From the line with "グッチ GGキャンバス ショルダーバッグ" to the line with "Funshed Bed Frame, Modern", retype each line exactly as it stands in the records below, but skip the pictures.

[Opening TASK DATA section]

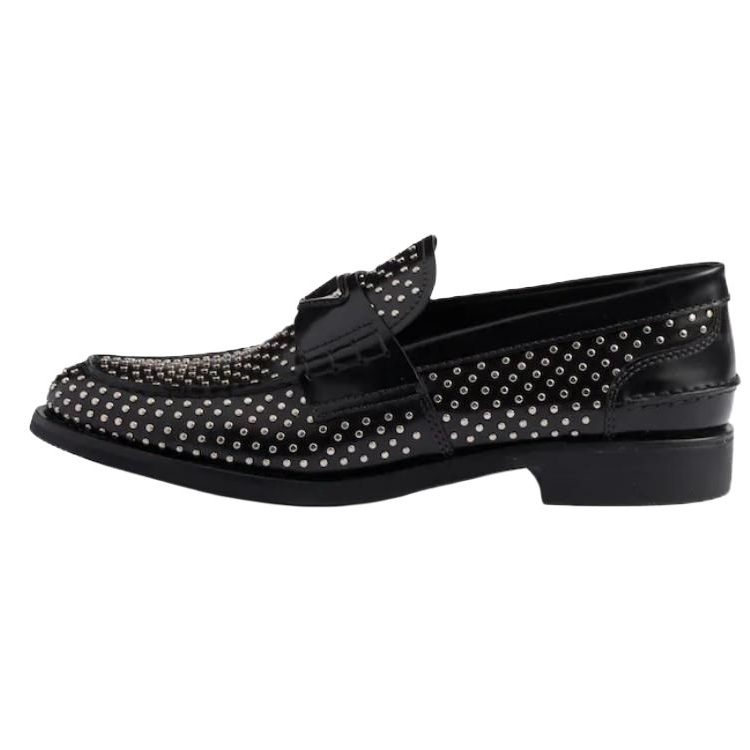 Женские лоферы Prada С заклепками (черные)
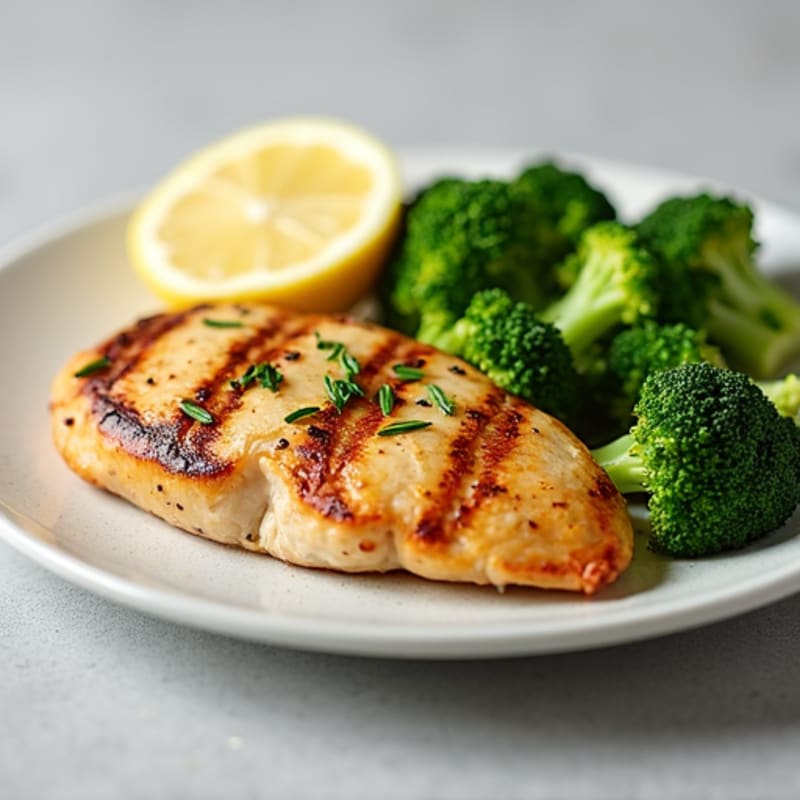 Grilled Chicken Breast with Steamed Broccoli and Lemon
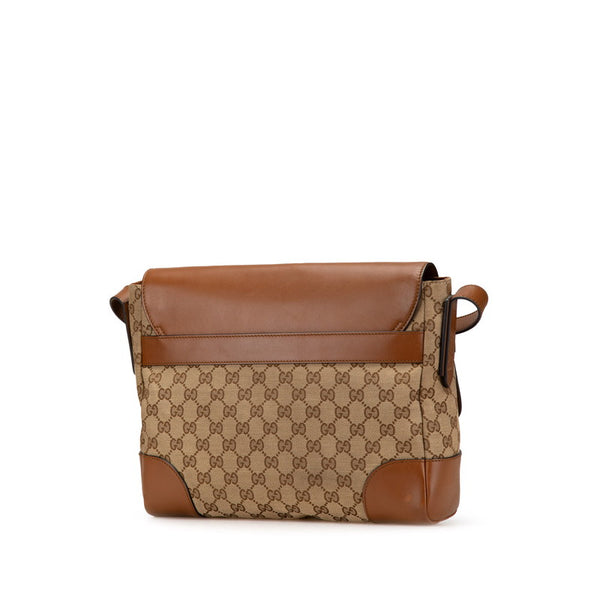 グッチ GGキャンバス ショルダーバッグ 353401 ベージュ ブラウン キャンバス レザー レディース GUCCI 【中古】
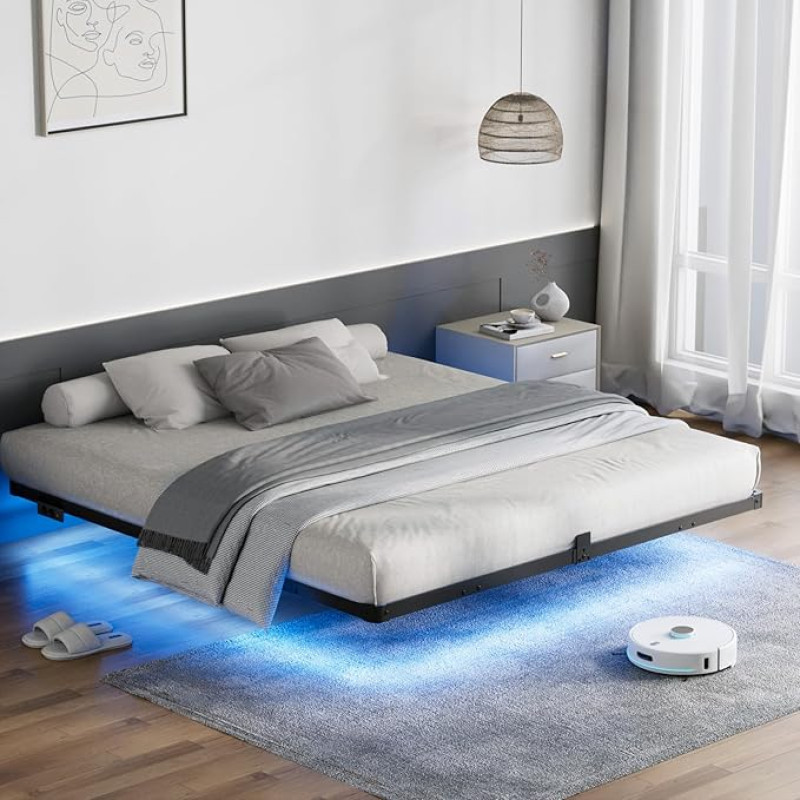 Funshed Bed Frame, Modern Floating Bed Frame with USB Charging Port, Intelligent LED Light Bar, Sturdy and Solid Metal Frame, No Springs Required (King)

[Closing TASK DATA section]
[Opening TASK DATA section]

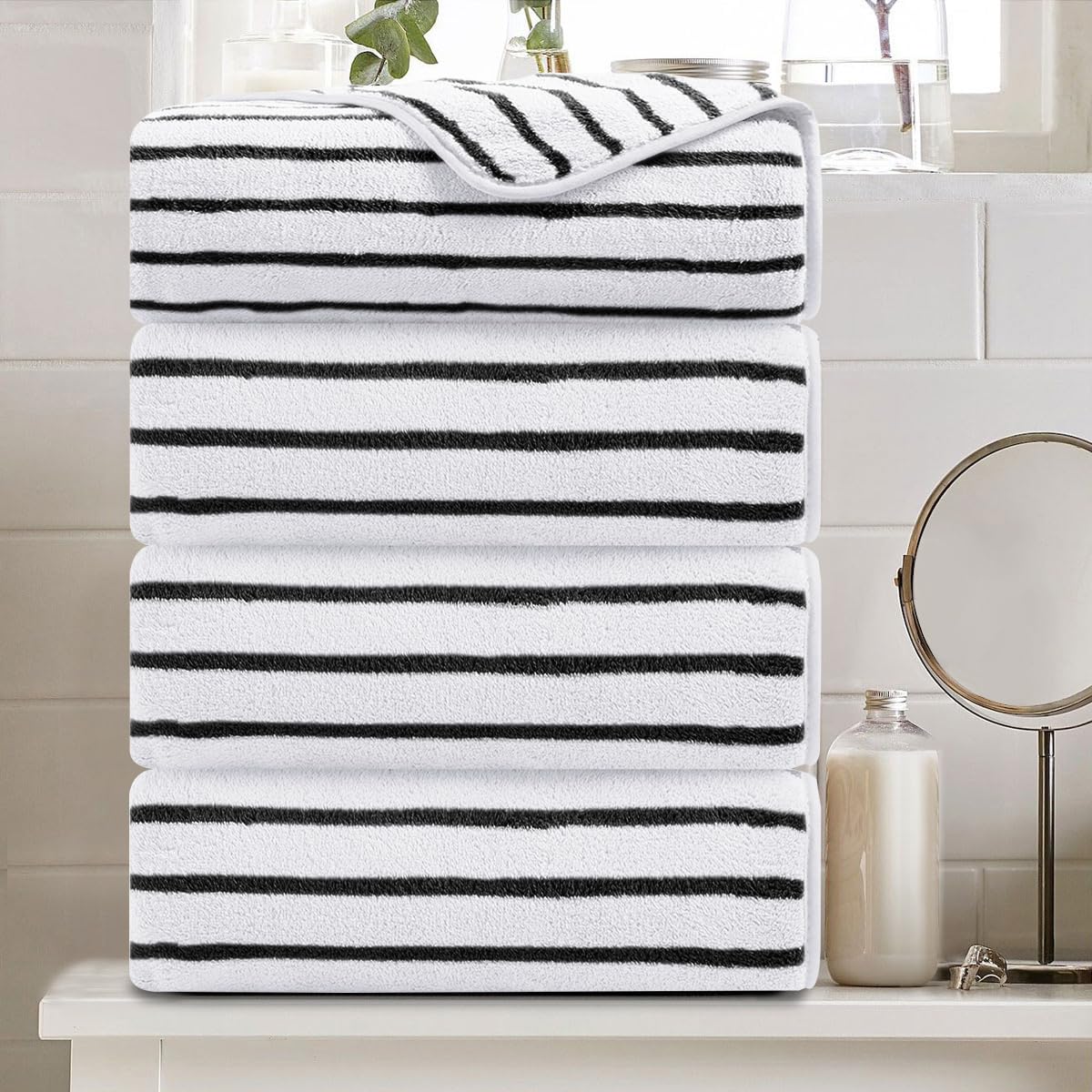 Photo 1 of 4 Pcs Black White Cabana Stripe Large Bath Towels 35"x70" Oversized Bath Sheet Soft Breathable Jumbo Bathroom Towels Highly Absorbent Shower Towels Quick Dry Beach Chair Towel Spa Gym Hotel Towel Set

[Closing TASK DATA section]
[Opening TASK DATA section]

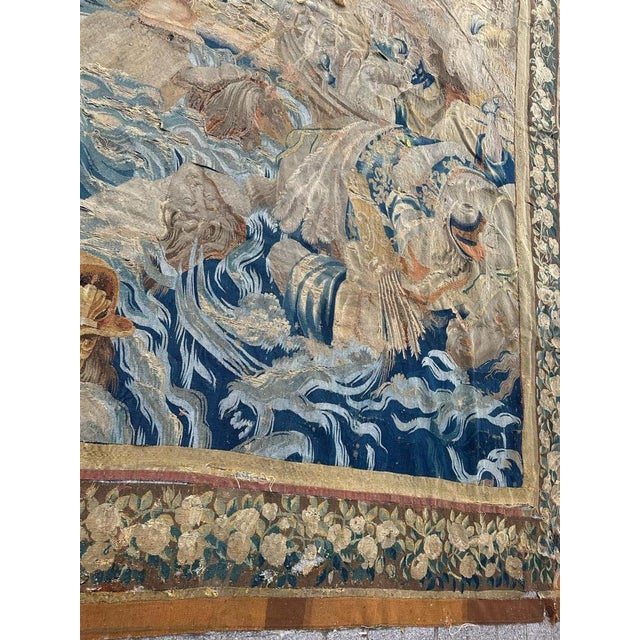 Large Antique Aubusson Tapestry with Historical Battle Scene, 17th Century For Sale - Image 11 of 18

[Closing TASK DATA section]

* [WRITTEN RESPONSE]
 グッチ GGキャンバス ショルダーバッグ 353401 ベージュ ブラウン キャンバス レザー レディース GUCCI 【中古】
 Funshed Bed Frame, Modern Floating Bed Frame with USB Charging Port, Intelligent LED Light Bar, Sturdy and Solid Metal Frame, No Springs Required (King)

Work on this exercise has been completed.